What the task asks: From the listing below, give again exactly the lines from the line with "Monse F/W 20 Show — Monse" to the line with "photo de VARIATOR", ends included, without any pictures.

Data to use:
+ + +

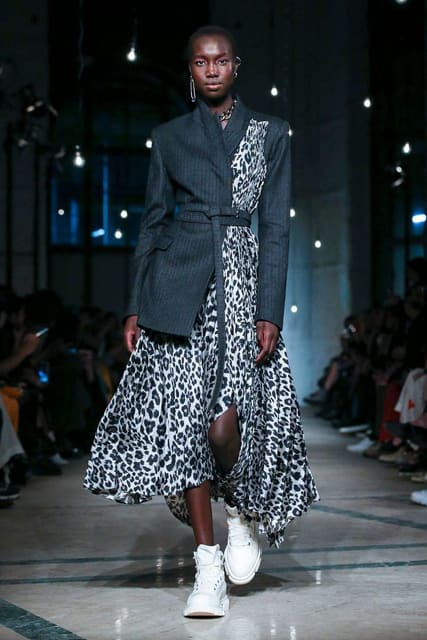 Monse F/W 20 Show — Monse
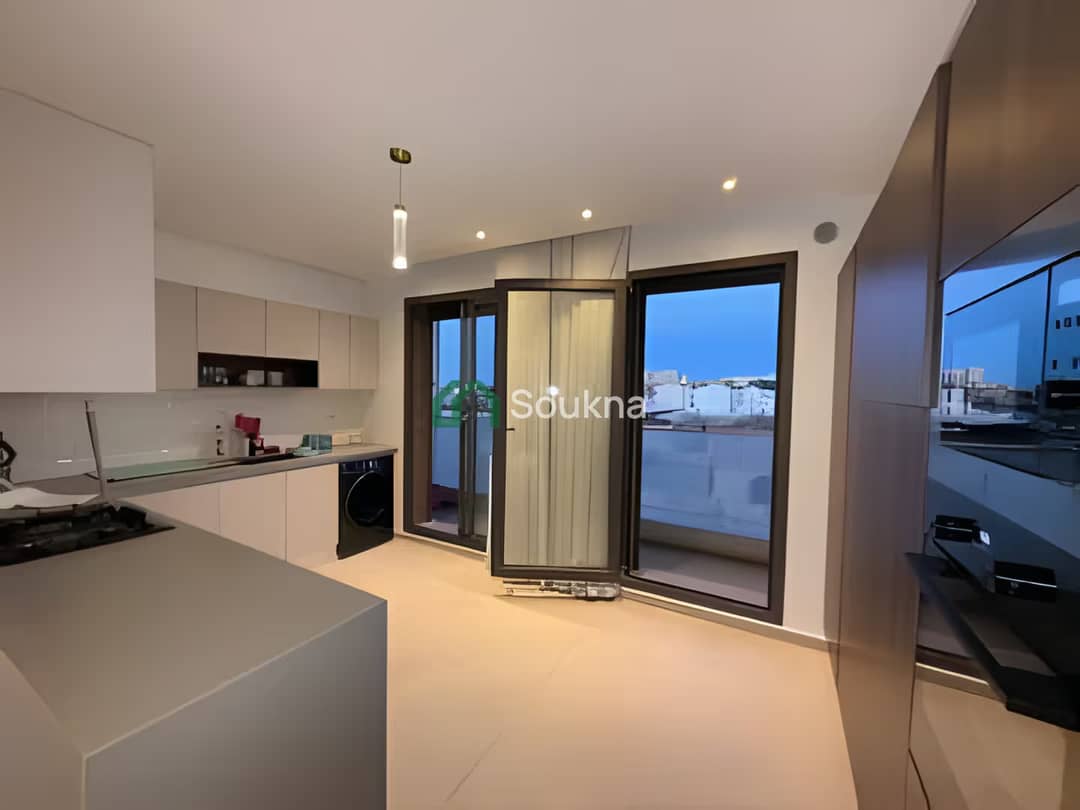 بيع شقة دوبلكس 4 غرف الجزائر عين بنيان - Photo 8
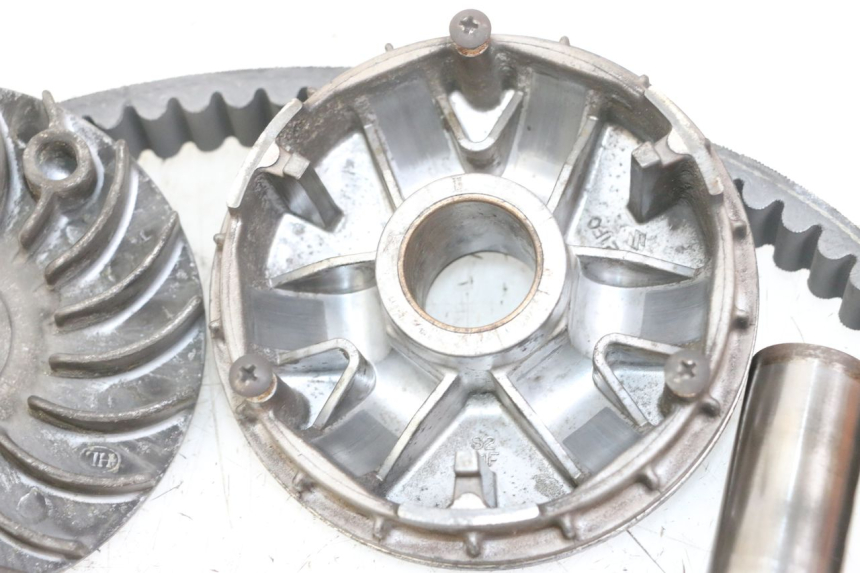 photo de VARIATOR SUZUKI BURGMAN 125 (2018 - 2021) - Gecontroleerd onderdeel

+ + +

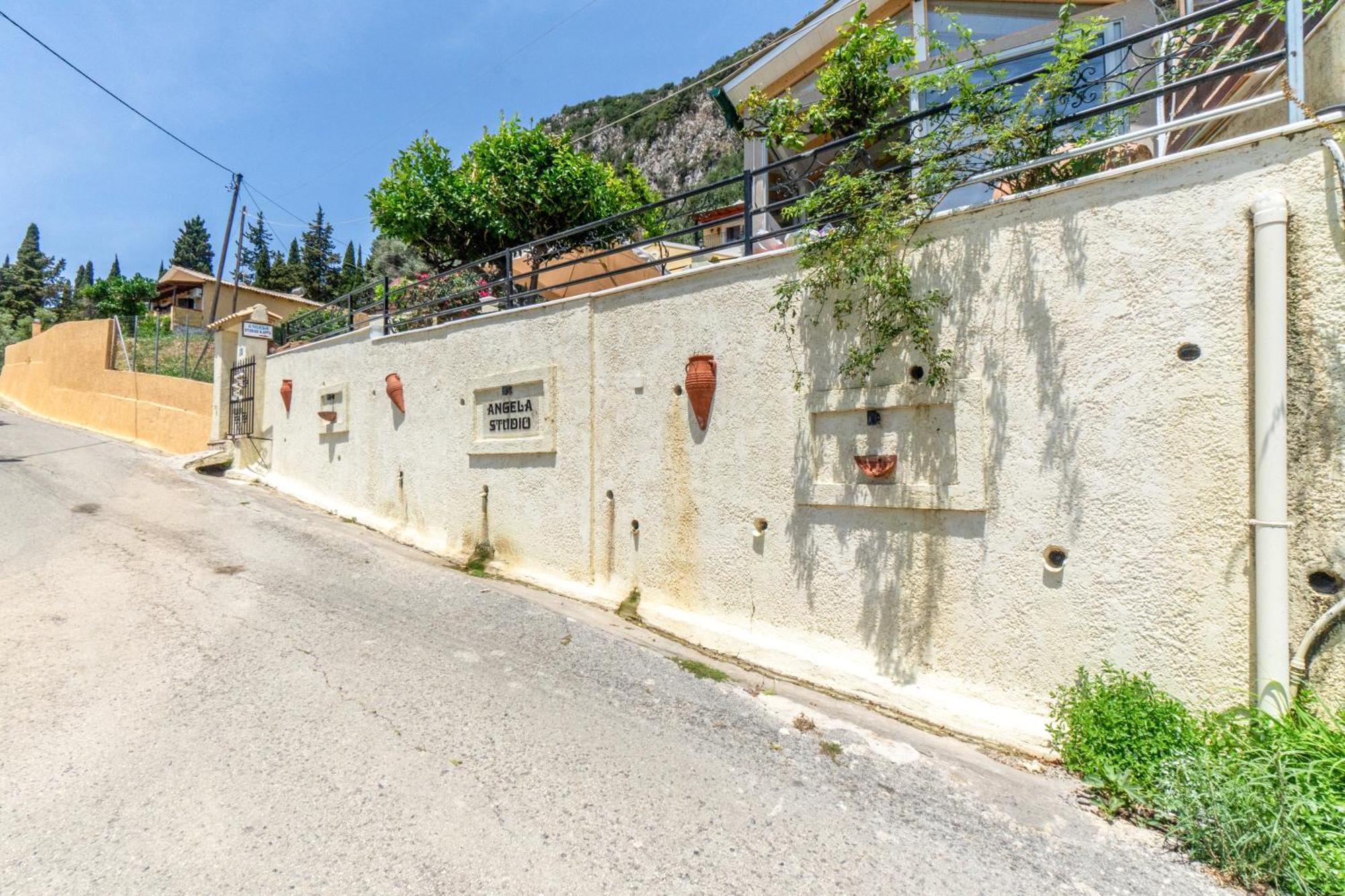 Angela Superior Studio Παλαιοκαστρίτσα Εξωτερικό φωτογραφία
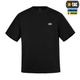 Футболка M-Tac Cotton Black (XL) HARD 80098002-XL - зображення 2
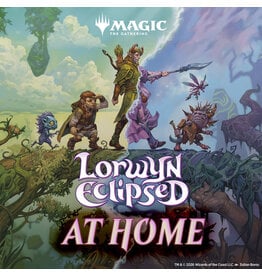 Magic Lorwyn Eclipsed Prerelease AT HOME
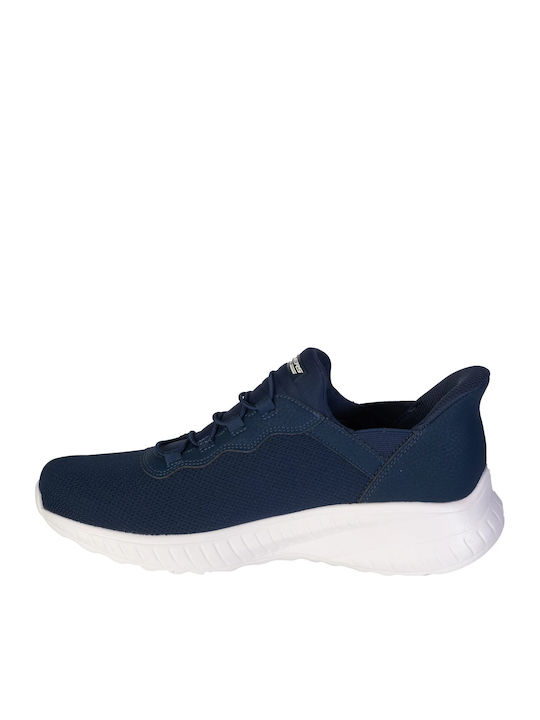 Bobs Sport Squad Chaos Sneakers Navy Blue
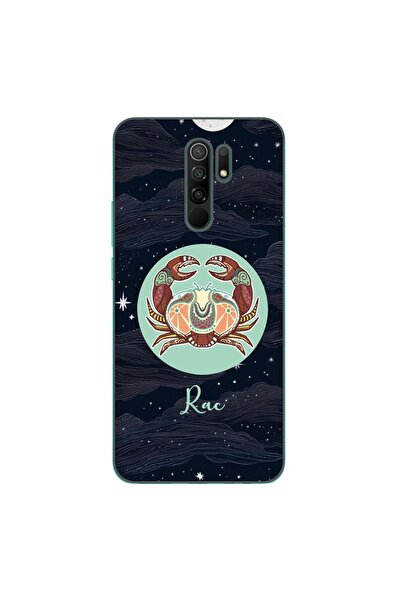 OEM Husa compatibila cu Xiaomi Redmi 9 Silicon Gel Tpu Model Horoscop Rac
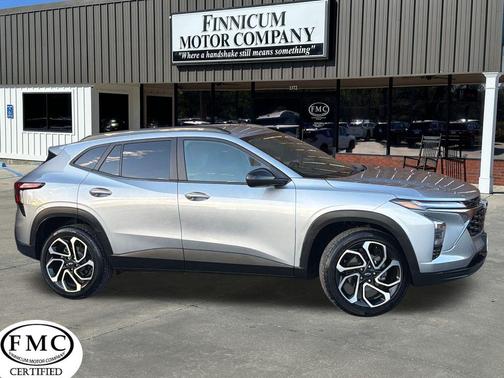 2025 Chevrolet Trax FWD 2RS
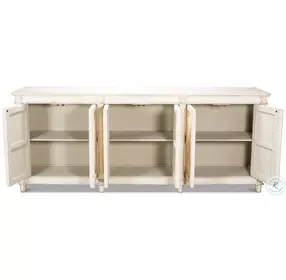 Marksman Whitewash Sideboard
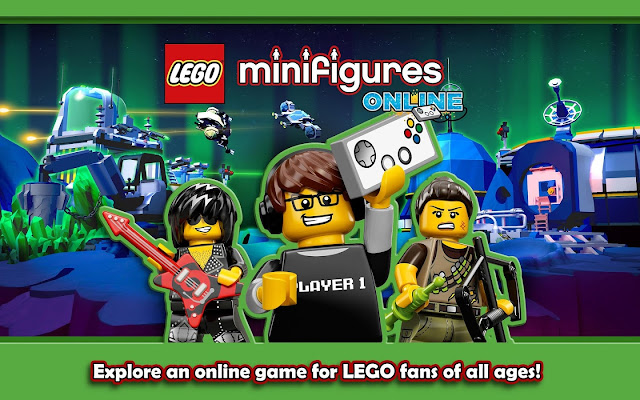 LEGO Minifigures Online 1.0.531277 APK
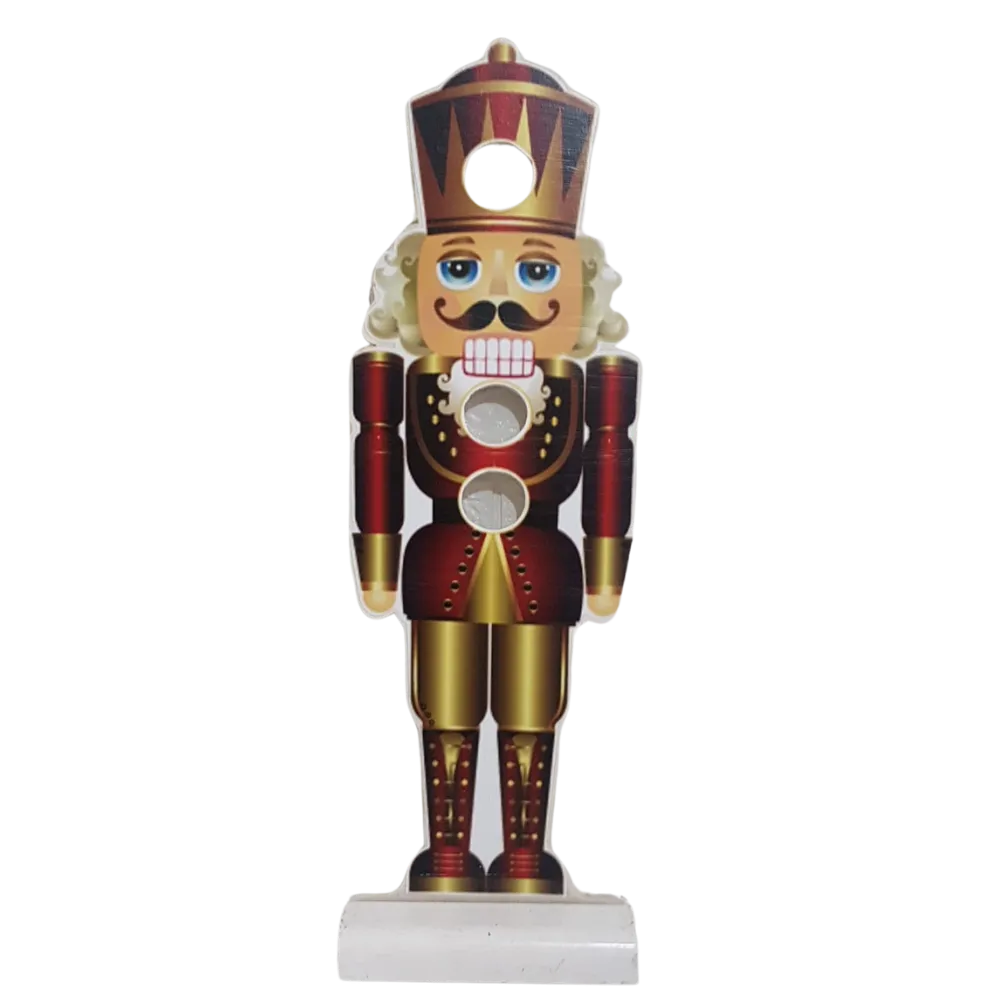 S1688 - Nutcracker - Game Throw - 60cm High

+ + +

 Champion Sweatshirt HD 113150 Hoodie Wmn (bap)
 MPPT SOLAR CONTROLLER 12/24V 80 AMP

+ + +

Result for this exercise:
 Monse F/W 20 Show — Monse
 بيع شقة دوبلكس 4 غرف الجزائر عين بنيان - Photo 8
 photo de VARIATOR SUZUKI BURGMAN 125 (2018 - 2021) - Gecontroleerd onderdeel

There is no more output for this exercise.